I have recently moved to a new part of Orlando to me, but old to most residents, called Winter Park. The Winter Park community is just that, more of a community and less of a tourist spot or university town. Since moving I'm also trying to make more positive economical, social changes such as buying produce from local growers, using cloth shopping bags, and visiting private restaurants and markets when my dogs are barking too loud to be schlepped around my kitchen. While doing two of these activities at two completely different times, I was introduced to a gourmet pasta company called Pappardelles Pasta out of Colorado.

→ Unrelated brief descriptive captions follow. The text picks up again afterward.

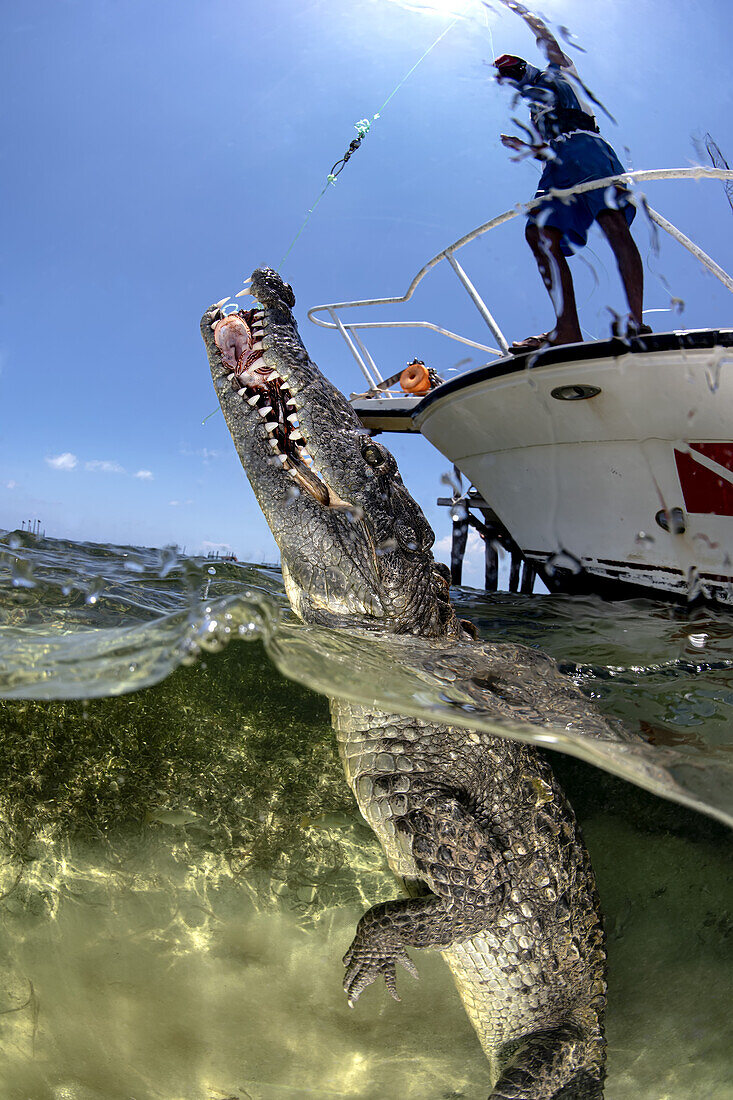 Ein amerikanisches Krokodil (Crocodylus acutus) in den flachen Gewässern von Banco Chinchorro, einem Korallenriff an der südöstlichen Küste der Gemeinde Othon P. Blanco in Quintana Roo, Mexiko.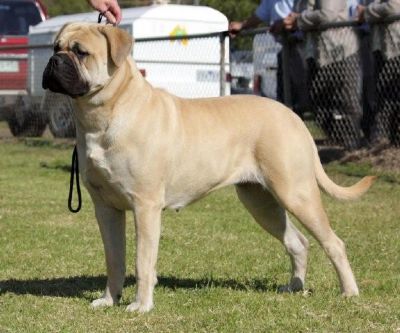 Breed Feature Photo - Unauthorised use prohibited!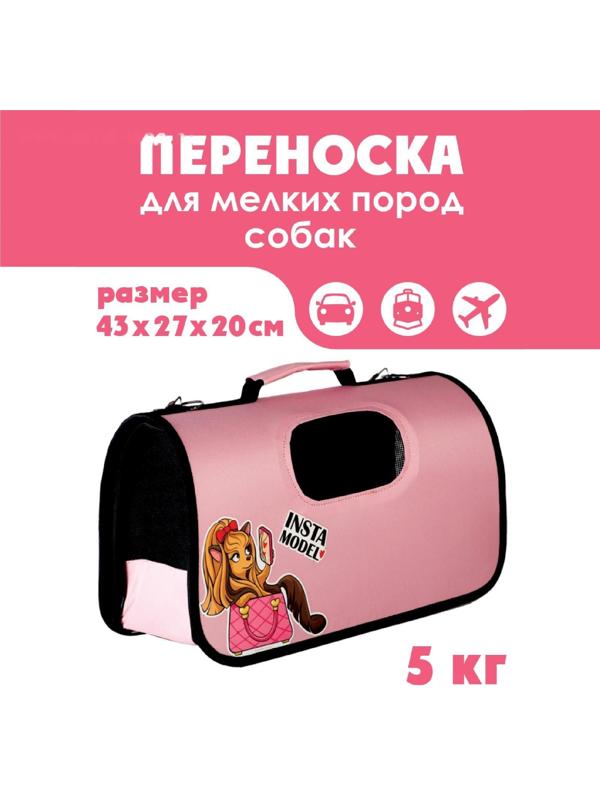 Сумка - переноска раскладная, каркасная Insta model 43x20x27 см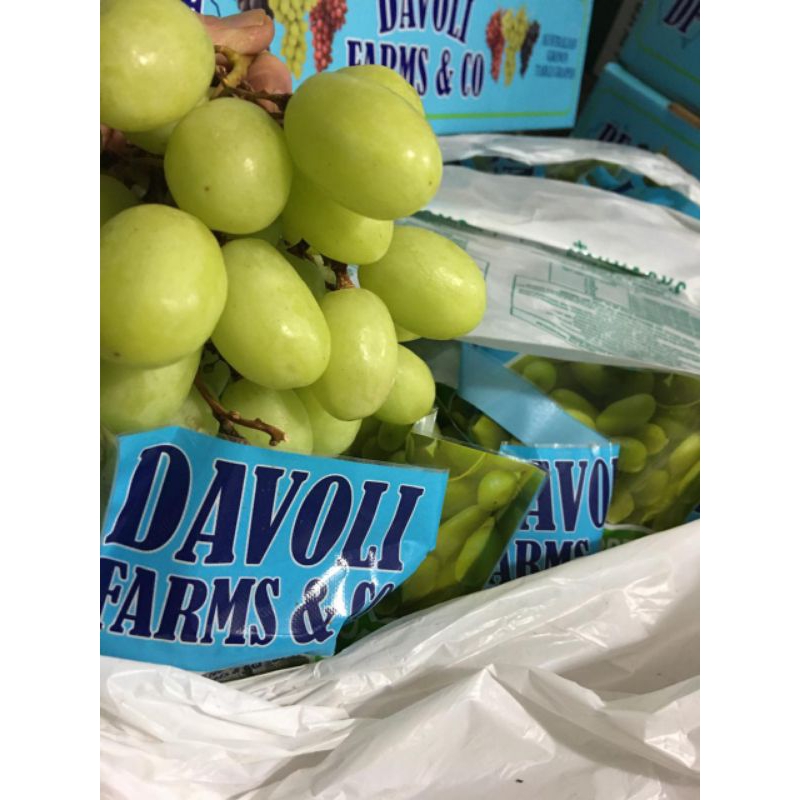 

PROMO Anggur Hijau PREMIUM / Anggur Super sweet Crispy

The first time I met Pappardelle Pasta was at our Lake Eola Sunday Farmer's Market in downtown Orlando. Under a welcoming, shady tent two gentlemen helped me to taste as many of their delicious, flavorful, raw pastas as my little heart desired. While I tried MANY, the Sweet Valdia Onion, Lemon Basil, and Fruit pastas all really tantalized my taste buds. Alas, at $4.00 a half-pound I could only bring home two telling myself I'd go back for the fruit pasta.
Not only are these pastas gourmet and flavorful, them come packed with awesome recipes. I made the recipe that came with the Sweet Valdia Onion pasta and served it with my mozzerella stuffed meatballs (no picture, I could just kick myself). The Lemon Basil went to Mr. T. (Pete's Dad) and we actually ended up eating my meatball dish and his shrimp dish using the Lemon Basil pasta in one Sunday night dinner! It was very, very bella!
My second encounter with Pappardelles Pasta arrived in the form of a gift. When I came home from the market that day, I gave Pete a menu from a new restaurant/market right around the corner of our place that sells this stuff in the store PLUS making their own new age, American bistro style food with a healthy touch. This magical place is The Virgin Market in Winter Park, FL. One day Pete wanted to get lunch with his business partner some place new, so they visited The Virgin Olive Market. Upon eating a wonderful lunch, my wonderful boyfriend brought me home a half-pound of Lime Cilantro Pasta and a half-found of that same Lemon Basil pasta.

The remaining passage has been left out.